JSSBase.ExperimentData
— TypeExperimentData(dict::AbstractDict)
Constructs an ExperimentData object using a given dictionary of the following format.
Note that the labels in the dictionary must be exactly as shown.
* "states_labels": Vector{String},
* "states": Vector{Matrix{Float64}} with every element matrix being size (state_num, time_num)
* "observable_labels": Vector{String},
* "observables": Vector{Matrix{Float64}} with every element matrix being size (observable_num, time_num)
* "param_labels": Vector{String} every element corresponds to the name of a parameter
* "params": Vector{Vector{Float64}} with every element being a vector of real values
* "control_labels": Vector{String} every element corresponds to the name of a control
* "controls": Vector{Matrix} where every element matrix of shape (state_num, time_num)

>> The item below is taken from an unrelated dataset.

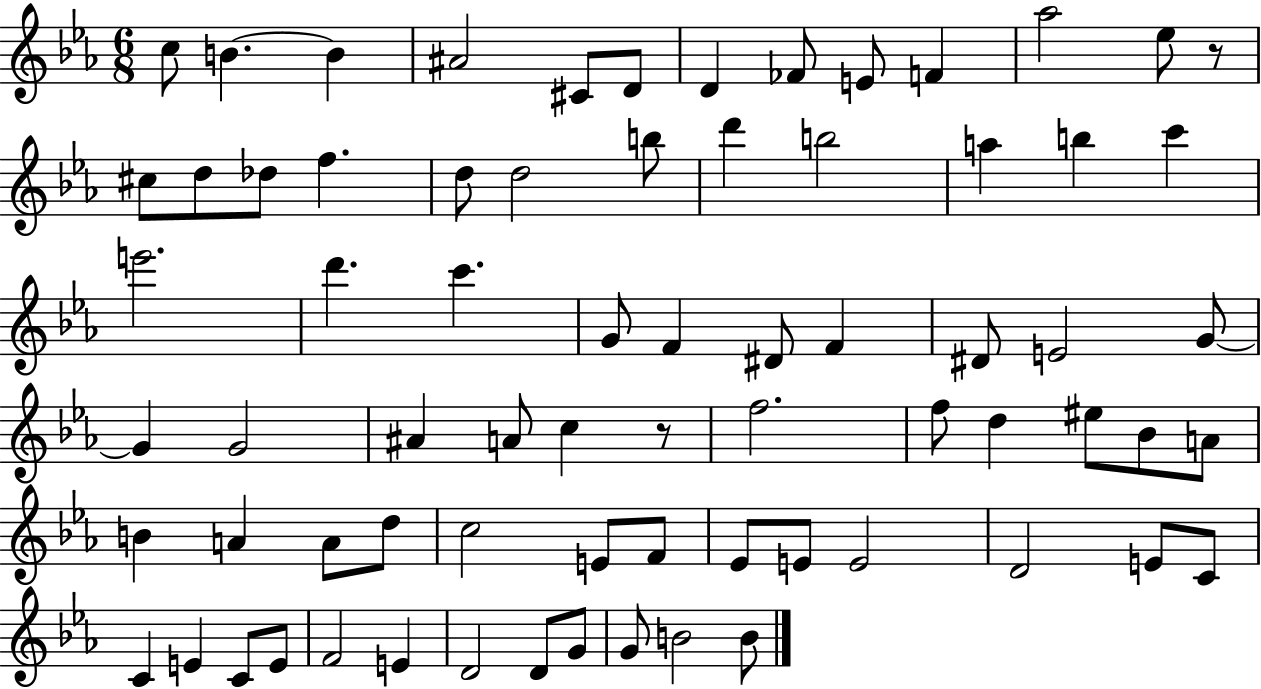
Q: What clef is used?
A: treble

* "ts": Vector{Vector} where every element is a vector of real values corresponding to the time steps the simulation was evaluated at
Each of states
, params
, controls
and ts
must be of length of the number of trajectories in the experiment.
Each of states_labels
, param_labels
, control_labels
must of the length corresponding to the number of states, parameters and controls in the experiment respectively.
Note: In the case that any field out of states
, controls
or params
does not exist, it (along with the corresponding labels field) must be set to nothing
.